Auch die Machart und die Stimmung schwanken. Es wird mit Präzision Spannung aufgebaut, die stellenweise in bestialische Brutalität abgleitet, um dann schließlich wieder mit einer guten Priese britischem Humor urkomisch zu werden. Oder anders herum. Gefühlvolle Szenen haben ihren Platz genauso wie Actionszenen. Teilweise sind Zusammenhänge und Situationen logisch und nachvollziehbar, an anderen Stellen wiederum denkbar unrealistisch und unglaubwürdig.

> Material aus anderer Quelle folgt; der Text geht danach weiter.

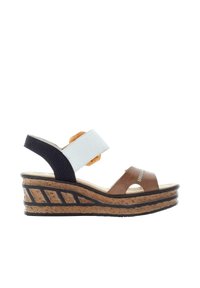 Sandale compensée avec brides marron à l'orteil, bride blanche à la cheville, bride noire au talon et semelle en liège à motif pour plus de hauteur et de style.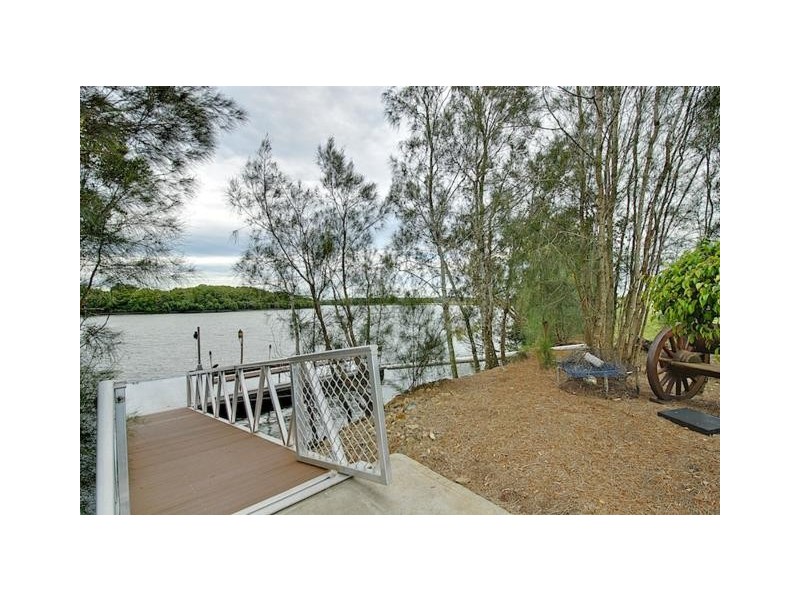 393 Rotary Park Road, Alberton QLD 4207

Was fällt einem als Ibiza-Fan dazu ein?
Die Serie hat mich in ihren Bann gezogen. Als Ibiza-Fan muss man sich allerdings von dem Gedanken verabschieden, dass dort das Ibiza gezeigt wird, das man selbst kennt und liebt. Es fängt damit an, dass Aufnahmen von für Ibiza charakteristischen Orten gezeigt werden und dann wieder Aufnahmen, von anderen schönen Plätzen, die sich meiner Meinung nach nicht auf Ibiza befinden. Und richtig, die Serie wurde tatsächlich größtenteils auf Mallorca gedreht. Ähnlich wie mit diesen Äußerlichkeiten, verhält es sich auch mit den Inhalten.
Es werden ein paar Stichworte genommen, die landläufig und teilweise auch zutreffend mit Ibiza in Verbindung gebracht werden: DJs, Diskotheken, Partys, Sexorgien, Luxus, House-Music, Yoga. Daraus wird dann eine spannende Geschichte gezimmert. Man muss sich im Klaren sein, dass es in erster Linie darum geht, den Zuschauern fesselnde Unterhaltung zu bieten und weniger darum, irgendeinem dokumentarischen Anspruch mehr als nur oberflächlich gerecht zu werden. Und wenig überraschend, die anrüchigen und zweifelhaften Aspekte der Insel werden maßlos überbetont und reißerisch in den Vordergrund gestellt. Die eigentliche Magie der Insel hingegen kann die Kamera nur unzureichend fassen.
Dazu kommt, jeder Ibiza-Kenner hat sein ganz persönliches Bild von Ibiza. Und niemand kann erwartet, dass eine Serie dieses wiedergibt.
Fazit
Absolut Sehenswert, gut gemacht und spannend. Man muss sich aber von der Erwartung lösen, sein persönliches Ibiza gezeigt zu bekommen.